PLoS ONE (Jan 2010)
Intertwining threshold settings, biological data and database knowledge to optimize the selection of differentially expressed genes from microarray.
Abstract
BACKGROUND: Many tools used to analyze microarrays in different conditions have been described. However, the integration of deregulated genes within coherent metabolic pathways is lacking. Currently no objective selection criterion based on biological functions exists to determine a threshold demonstrating that a gene is indeed differentially expressed. METHODOLOGY/PRINCIPAL FINDINGS: To improve transcriptomic analysis of microarrays, we propose a new statistical approach that takes into account biological parameters. We present an iterative method to optimise the selection of differentially expressed genes in two experimental conditions. The stringency level of gene selection was associated simultaneously with the p-value of expression variation and the occurrence rate parameter associated with the percentage of donors whose transcriptomic profile is similar. Our method intertwines stringency level settings, biological data and a knowledge database to highlight molecular interactions using networks and pathways.
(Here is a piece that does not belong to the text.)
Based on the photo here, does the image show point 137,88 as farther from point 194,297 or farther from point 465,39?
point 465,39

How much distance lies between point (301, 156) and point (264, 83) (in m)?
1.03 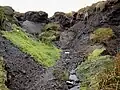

Analysis performed during iterations helped us to select the optimal threshold required for the most pertinent selection of differentially expressed genes. CONCLUSIONS/SIGNIFICANCE: We have applied this approach to the well documented mechanism of human macrophage response to lipopolysaccharide stimulation. We thus verified that our method was able to determine with the highest degree of accuracy the best threshold for selecting genes that are truly differentially expressed.